U.S. Pat. No. 3,872,520, Mar. 25, 1975, William Tyconik, entitled "Curtain Support", shows a structure which is affixed to the curtain support rod and has a number of members extending therefrom for the purpose of holding the shower curtain back from the shower area. However, in order to provide the necessary force to maintain the curtain away from the shower area, it is necessary to drill a generally horizontal hole in the rail so as to receive a pin for locking the structure to the rail. The structure does not move automatically into place when the shower curtain is closed nor does it retract with the curtain when the curtain is opened. By removing the pin, the mounting portion of the structure allows the structure to rotate relative to the rail so as to hang freely from the rail.
According to the present invention there is provided a shower curtain holder for use with a shower curtain of the type suspended from a support rod by a plurality of curtain hooks slidable along the rod to enable the curtain to be extended from an open position on spreading of the hooks to a closed free hanging position for defining one side of the shower area. The device includes a rigid elongated curtain engaging member having attachment means for suspending it at an upper end thereof from the support rod so that it can experience free swinging movement away from the shower area. A weight member is connected to the curtain engaging member and is movable relative thereto between an inactive hanging position and a raised biasing position for applying a turning force to the curtain engaging member for forcing it to swing outwardly and hold the curtain away from the shower area.

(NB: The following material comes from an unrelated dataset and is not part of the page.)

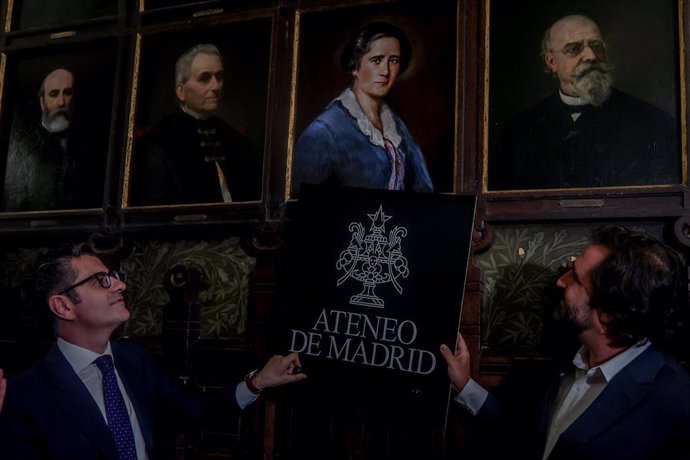 El ministro de la Presidencia, Relaciones con las Cortes y Memoria Democrática, Félix Bolaños (i), y el director del Ateneo, Luis Arroyo (d), descubren un retrato de Clara Campoamor.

Normally, one, two or three of the devices are utilized and are attached to the rod in relation to the curtain hooks so that the devices moved to spaced interval, preferably along a mid portion of the curtain rod, when the curtain is pulled to the closed position. Also, the devices move with the curtain to a stored or opened position at one end of the rod, and when the weight members are moved to their inactive position, they hang freely with the curtain engaging members so as not to distort the curtain when in the stored or open position.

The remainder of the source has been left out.